- TASK ITEM: From the listing below, set down exactly the lines between the one holding "B00427 Case IH 5140 duals" and the one holding "Santa Margarita, CA", inclusive. No other line is wanted.

- MATERIAL PROVIDED:
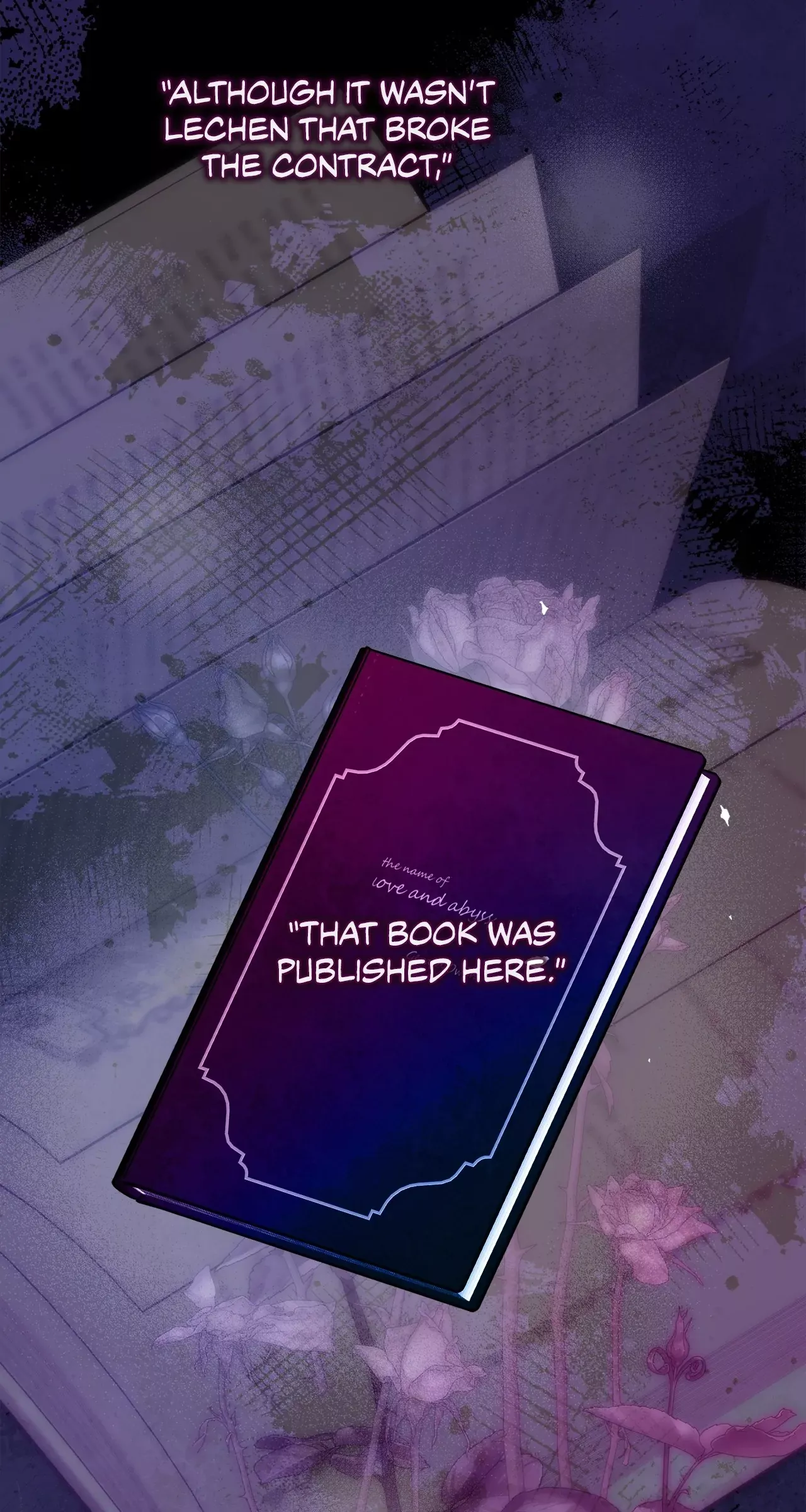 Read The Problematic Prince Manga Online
--
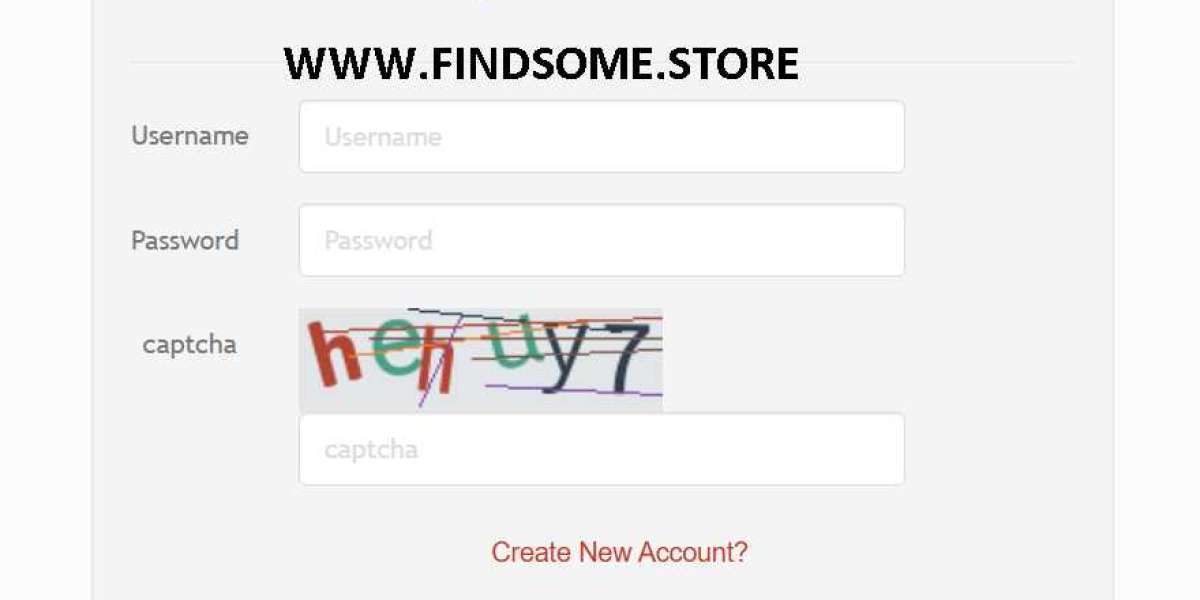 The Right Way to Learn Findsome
--
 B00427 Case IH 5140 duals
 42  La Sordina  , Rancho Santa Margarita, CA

- ANSWER BELOW:
 B00427 Case IH 5140 duals
 42  La Sordina  , Rancho Santa Margarita, CA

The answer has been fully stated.